OpenAI was the first to apply generative pre-training (GP) to the transformer architecture, introducing the GPT-1 model in 2018. The company has since released many bigger GPT models. The popular chatbot ChatGPT, released in late 2022 (using GPT-3.5), was followed by many competitor chatbots using their own "GPT" models to generate text, such as Gemini, DeepSeek or Claude.
GPTs are primarily used to generate text, but can be trained to generate other kinds of data. For example, GPT-4o can process and generate text, images and audio. To improve performance on complex tasks, some GPTs, such as OpenAI o3, spend more time analyzing the problem before generating an output, and are called reasoning models. In 2025, GPT-5 was released with a router that automatically selects whether to use a faster model or slower reasoning model based on task.
According to The Economist, improved algorithms, more powerful computers, and an increase in the amount of digitized material fueled a revolution in machine learning during the 2010s.
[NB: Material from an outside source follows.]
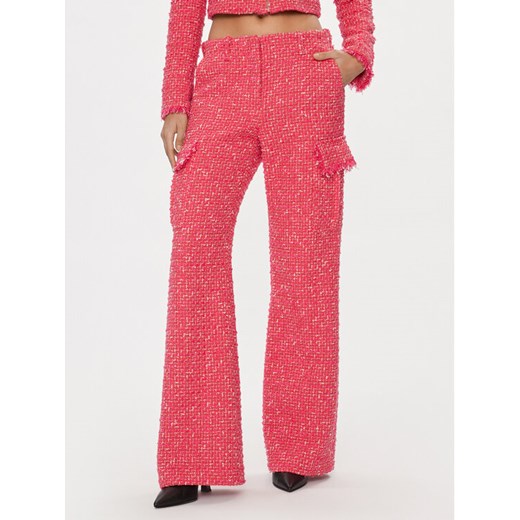 Patrizia Pepe Spodnie materiałowe 8P0601/A376-F592 Różowy Flare Fit ze sklepu MODIVO w kategorii Spodnie damskie - zdjęcie 182720715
New techniques in the years before the AI boom resulted in "rapid improvements in tasks", including manipulating language. Modern software models are trained to learn by using millions of examples in artificial neural networks that are inspired by biological neural structures.
Separately, the concept of generative pre-training (GP) was a long-established technique in machine learning. GP is a form of self-supervised learning wherein a model is first trained on a large, unlabeled dataset (the "pre-training" step) to learn to generate data points. This pre-trained model is then adapted to a specific task using a labeled dataset (the "fine-tuning" step).
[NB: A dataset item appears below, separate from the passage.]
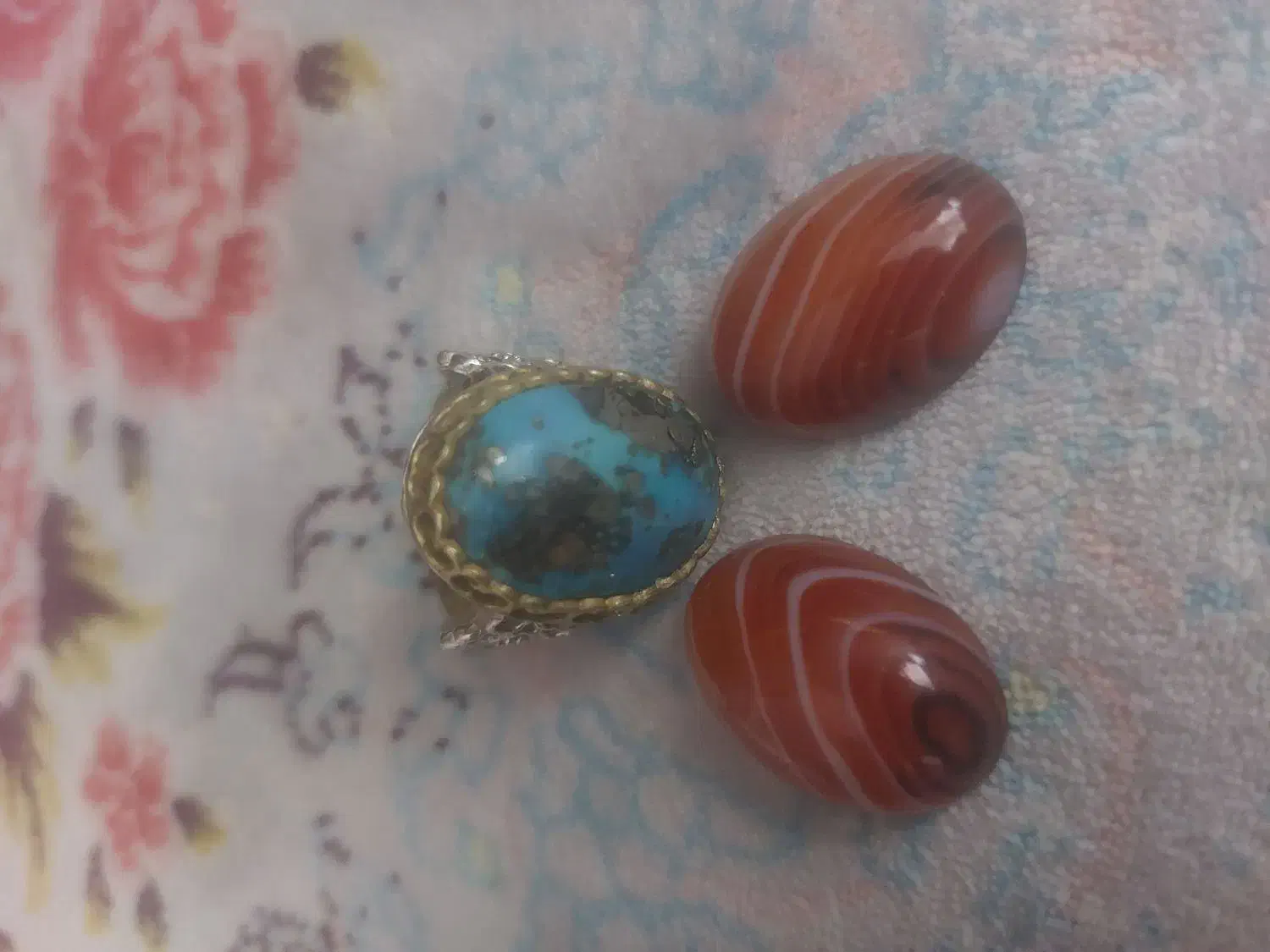 سنگ وانگشتر فیروزه|جواهرات|اسدآباد, |دیوار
The transformer architecture for deep learning is the core technology of a GPT. Developed by researchers at Google, it was introduced in the paper "Attention Is All You Need", which was published on June 12, 2017. The transformer architecture solved many of the performance issues that were associated with older recurrent neural network (RNN) designs for natural language processing (NLP). The architecture's use of an attention mechanism allows models to process entire sequences of text at once, enabling the training of much larger and more sophisticated models. Since 2017, numerous transformer-based NLP systems have been available that are capable of processing, mining, organizing, connecting, contrasting, and summarizing texts as well as correctly answering questions from textual input.
On June 11, 2018, OpenAI researchers and engineers published a paper called "Improving Language Understanding by Generative Pre-Training", which introduced GPT-1, the first GPT model. It was designed as a transformer-based large language model that used generative pre-training (GP) on BookCorpus, a diverse text corpus, followed by discriminative fine-tuning to focus on specific language tasks. This semi-supervised approach was seen as a breakthrough. Previously, the best-performing neural models in natural language processing (NLP) had commonly employed supervised learning from large amounts of manually labeled data – training a large language model with this approach would have been prohibitively expensive and time-consuming.
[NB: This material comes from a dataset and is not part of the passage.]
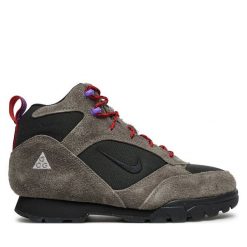 Trekkingi Nike. Szare buty trekkingowe Nike, bez wzorów, bez zapięcia. Za 519.99 zł.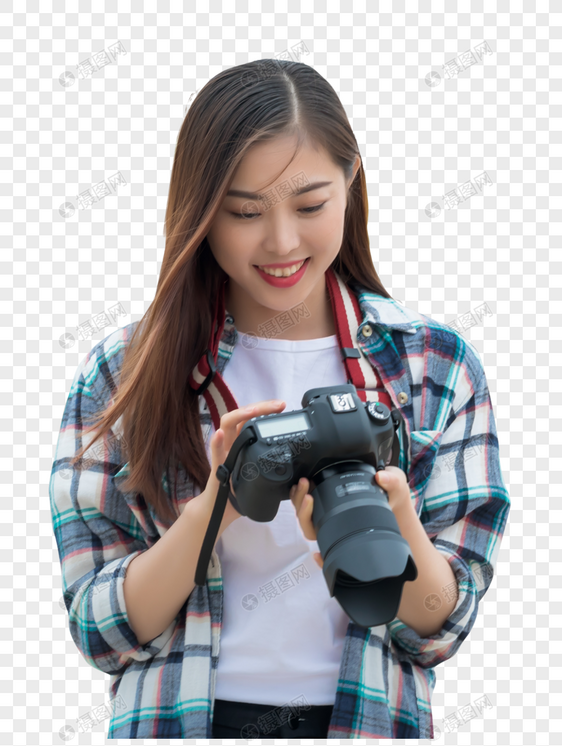 旅行女孩相机图片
On February 14, 2019, OpenAI introduced GPT-2, a larger model that could generate coherent text. Created as a direct scale-up of its predecessor, it had both its parameter count and dataset size increased by a factor of 10. GPT-2 has 1.5 billion parameters and was trained on WebText, a 40-gigabyte dataset of 8 million web pages. Citing risks of malicious use, OpenAI opted for a "staged release", initially publishing smaller versions of the model before releasing the full 1.5-billion-parameter model in November.